Film „Perfect Days“ von Wim Wenders: Schattenspiel auf der Toilettenwand
Wim Wenders hat mit „Perfect Days“ einen trügerisch schlichten und schönen Film gedreht. Sein Hauptdarsteller bleibt unerschütterlich ruhig.
Für Wim Wenders war 2023 ein gutes Jahr. Mit kleineren und größeren Erfolgen. So erschien im Sommer die deutsche Übersetzung des Comics „Das Storyboard des Wim Wenders“ des kanadischen Zeichners Stéphane Lemardelé.
Hervorgegangen war der Band aus einer früheren Zusammenarbeit, bei der Lemardelé das Storyboard, mithin die visuelle Version des Drehbuchs zu Wenders’ Film „Every Thing Will Be Fine“ (2015), erstellte. Immerhin: Zum ersten Mal wurde dem Regisseur die Ehre zuteil, als Titelheld eines Comics zu fungieren. Er selbst hätte, wie er im Vorwort schreibt, „nie damit gerechnet, einmal in einer Graphic Novel vorzukommen“.
Wichtiger allerdings: Wenders war im Mai bei den Filmfestspielen von Cannes gleich zweimal mit neuen Filmen vertreten, außer Konkurrenz mit dem 3-D-Dokumentarfilm „Anselm – Das Rauschen der Zeit“ über den Monumentalkünstler Anselm Kiefer und im Wettbewerb mit seinem jüngsten Spielfilm, „Perfect Days“.
Letzterer war nicht allein der stärkere Beitrag der beiden, er war sogar so gut, dass einige Zuschauer im positiven Sinn überrascht waren. Erwiesen sich seine Spielfilme davor, zuletzt der leicht pathetische Thriller „Grenzenlos“ mit James McAvoy und Alicia Vikander einerseits und die in 3-D-Technik gedrehte spröde poetische Peter-Handke-Verfilmung „Die schönen Tage von Aranjuez“ mit Reda Kateb andererseits, doch als weniger bemerkenswert.
Wortkarger Protagonist
Dabei gibt sich „Perfect Days“ beinahe wie ein Film, der nicht allzu viel will. Er ist geradlinig erzählt, hat einen wortkargen Protagonisten und eine Handlung, die man von der reinen Beschreibung her als Gimmick abtun könnte. Denn Hirayama, dem der Film für zwei Stunden durch dessen Alltag folgt, reinigt in Tokio öffentliche Toiletten. Spätestens aber, wenn man sieht, was für Gebäude da gesäubert werden, könnte sich die eventuelle Kritik am Sujet erledigen.

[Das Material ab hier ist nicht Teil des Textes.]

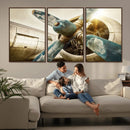 Vintage Airplane Canvas Print by MyGreatCanvas | Canvas Wall Art Prints | Photo Prints & Wall Decor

„The Tokyo Toilet“ steht auf Hirayamas Arbeitsoverall, wenn er sich mit der stets gleichen Routine morgens auf den Weg zur Arbeit macht, im Auto eine Kassette mit Musik einlegt, wobei Wenders’ Geschmack für eine klassische Auswahl mit Patti Smith, Van Morrison und Otis Redding gesorgt hat, um dann von einer Bedürfnisanstalt zur nächsten zu fahren, von denen alle ausgesprochen reizvoll gestaltet sind. Einige warten mit Details im Design auf, die bei den Benutzern mitunter erstauntes Lachen hervorrufen.

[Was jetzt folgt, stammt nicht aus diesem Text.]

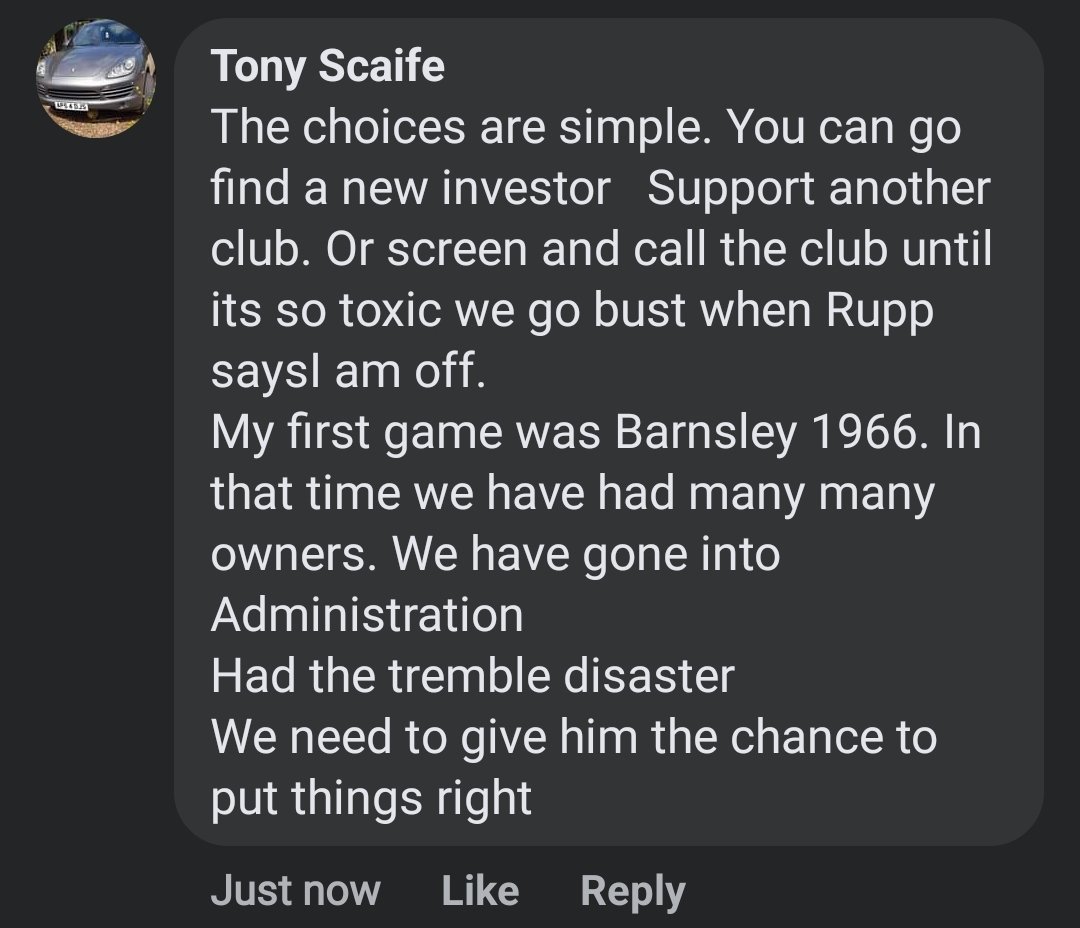 Didn't realise its the fans role to find a new investor 🥱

Diese Klos sind alle echt. Unter dem Namen „The Tokyo Toilet“ finden sich im Tokioter Stadtteil Shibuya siebzehn solcher Örtlichkeiten, die für die ursprünglich für 2020 vorgesehenen Olympischen Spiele in Japan von international renommierten Architekten wie Tadao Ando neu gestaltet wurden. Sie sind barrierefrei und gratis zu benutzen.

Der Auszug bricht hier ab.